• _EXERCISE DETAILS_
Reproduce the listing below in full and without alteration, apart from its pictures.

• _DATA SEGMENT_
####################

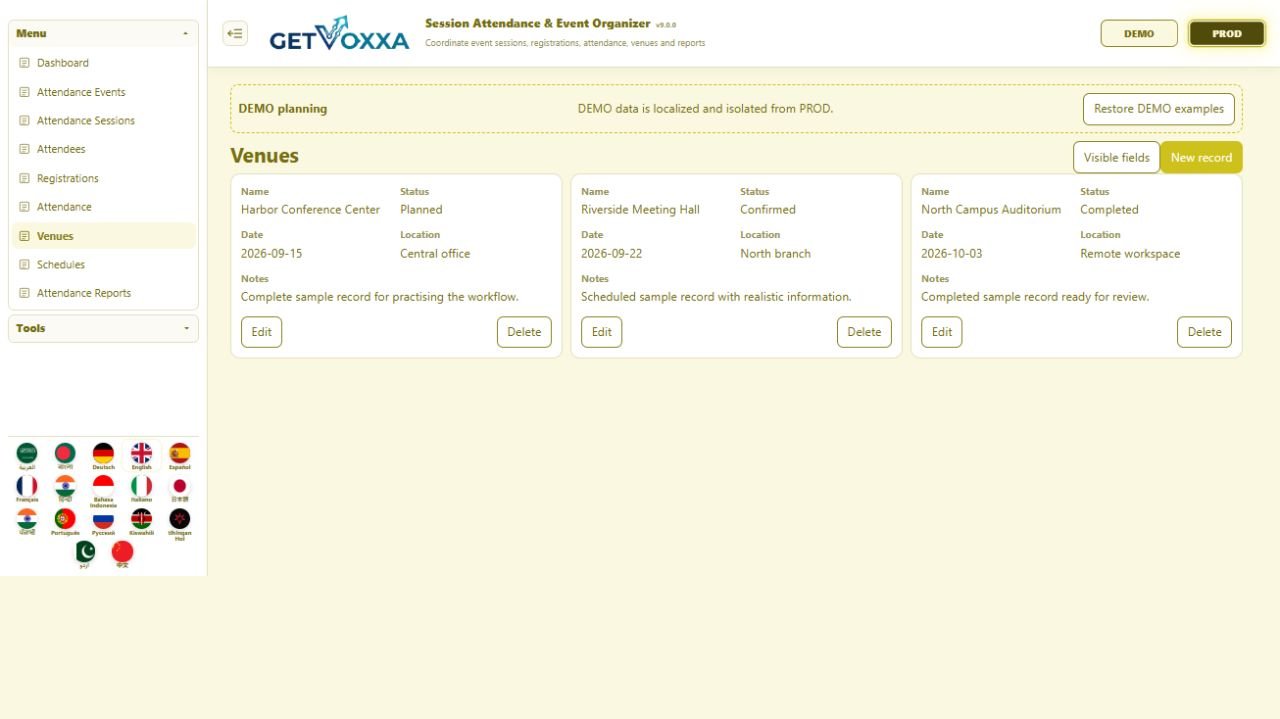 Screenshot — In-Person Course / Seminar v9.0.0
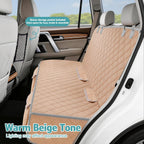 Dog Car Seat Cover for Back Seat Waterproof Backseat Protector, Nonslip Rear Seat Cover for Kids,Universal Size Fits Cars Trucks Suvs (Beige)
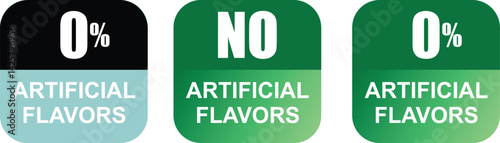 No artificial flavors labels. Organic food sticker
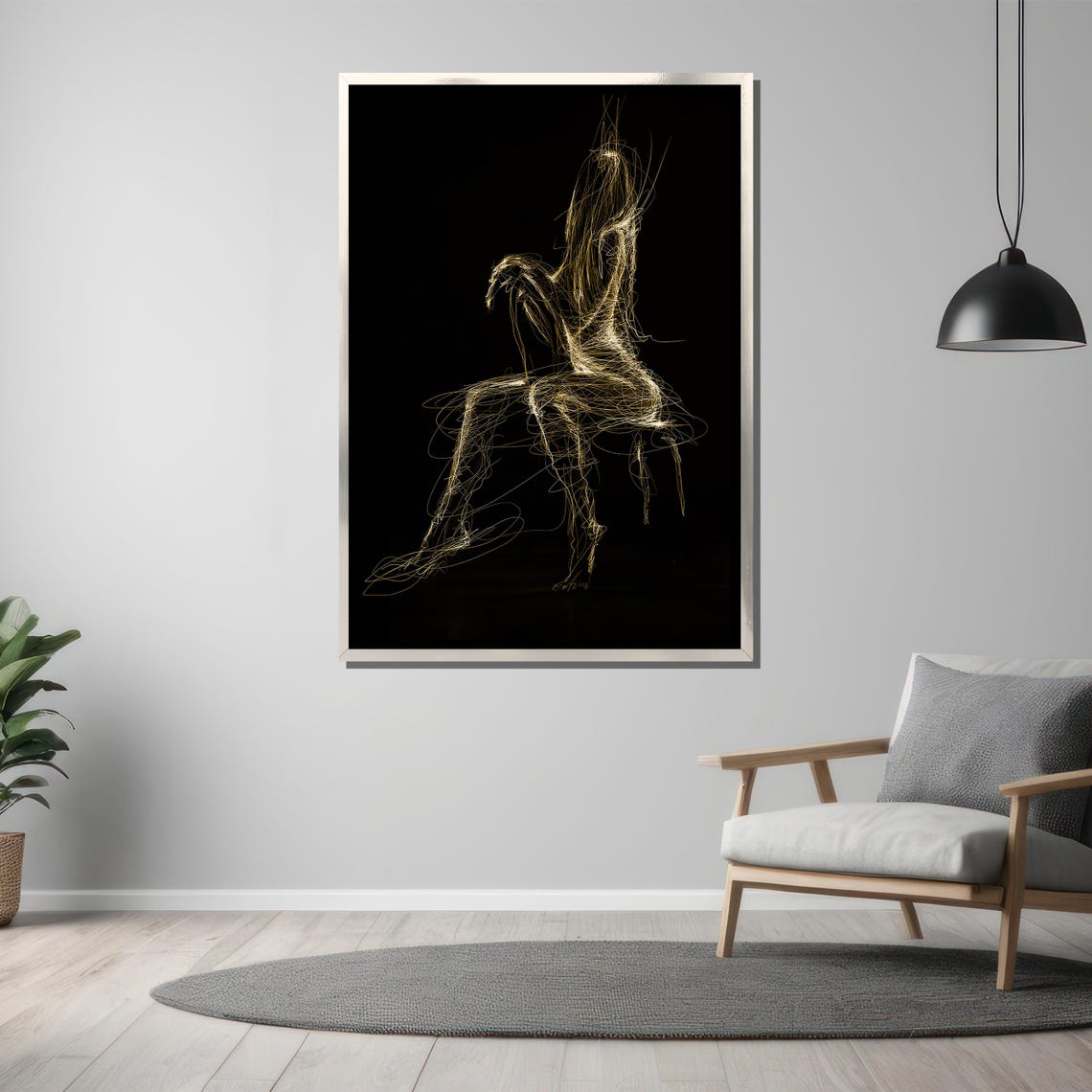 Abstract Gold Line Art Nude Silhouette on Black Background Poster - Image 3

####################

• _RESULT FOR THIS EXERCISE_
 Screenshot — In-Person Course / Seminar v9.0.0
 Dog Car Seat Cover for Back Seat Waterproof Backseat Protector, Nonslip Rear Seat Cover for Kids,Universal Size Fits Cars Trucks Suvs (Beige)
 No artificial flavors labels. Organic food sticker
 Abstract Gold Line Art Nude Silhouette on Black Background Poster - Image 3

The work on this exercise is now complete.